Искусство стало для нас освобождающим наркотиком. Мы ищем уйти, спрятаться в искусство, потеряв себя в нем. Теории о «безвольном и бесстрастном эстетическом созерцании» пришлись нам поэтому весьма кстати. Для других, искусство — некий душевный громоотвод: в его прозрачные и отрешенные сферы отводим мы из жизни все опасные и героические энергии нашего духа.
И в том и в другом случае произведение искусства является нам как самоцель, нечто в себе замкнутое, себе довлеющее, вырванное из потока жизни и становления. Но ощущение какой-то неоспоримой реальности, присущей искусству, мешает нам до конца истолковать его как «возвышающий обман» и «освобождающую иллюзию». Приходится постулировать сверхчувственные реальности, потусторонние миры, на которые искусство обязано намекать, чтобы не разрешиться в пустую иллюзию. Понимаемый статически, художественный объект может быть оправдан лишь как знак и символ.

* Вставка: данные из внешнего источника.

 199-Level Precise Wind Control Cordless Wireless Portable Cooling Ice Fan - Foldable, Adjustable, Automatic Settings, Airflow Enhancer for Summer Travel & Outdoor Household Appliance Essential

На самом деле, реальность художественного объекта есть не реальность вещи, но реальность силы: он не указует куда-то в пустоты абсолюта, но конкретно, осязательно перестраивает живую и близкую действительность; он не сообщает, но повелевает; это — точка приложения сил, узел энергий, призванных медленно преосуществлять плоть космоса.
Эта поэма, этот сонет — лишь развернутая заклинательная формула, какое-то единство и неповторимо найденное сопряжение смыслов, сочетание слов и ритмов, властное заклясть бытие, реально овладеть им.

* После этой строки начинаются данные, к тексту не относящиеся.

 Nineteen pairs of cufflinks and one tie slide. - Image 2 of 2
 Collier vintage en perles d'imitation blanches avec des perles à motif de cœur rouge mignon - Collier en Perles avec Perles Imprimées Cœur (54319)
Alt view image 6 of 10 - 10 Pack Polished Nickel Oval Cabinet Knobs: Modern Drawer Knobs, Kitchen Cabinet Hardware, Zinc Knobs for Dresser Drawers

Здесь становится понятным основной парадокс искусства: чем строже, чем устойчивей формула, тем многообразней и динамичней воздействие. Отсюда: неправота стремления внести текучесть, движение, многосмысленность в самую формулу (это коренная ложь всякого разнуздания слова, всякого романтизма). Темные и спутанные формулы если и способны призвать к жизни какие-то энергии, то неспособны направить их. Все романтики (в том числе наши символисты) подобны гетевскому ученику волшебника, что сумел вызвать духов, но не сумел повелевать ими: поэтому вызванная сила обернулась силой опасной и разрушительной.
Так обнаруживается правота классической концепции поэзии, поскольку строгость формы есть точность магической формулы, единственно нужной, и из которой должно быть исключено все, кроме неизбежного. Но в лживом неоклассицизме разных толков строгость формы сводится к скудости, а в лучшем случае — к приятной благоустроенности.
Человечество, женственное по своей сущности, ждет от искусства мужественного и оплодотворяющего насилия; ему не нужны утонченные игры мечтательных кастратов.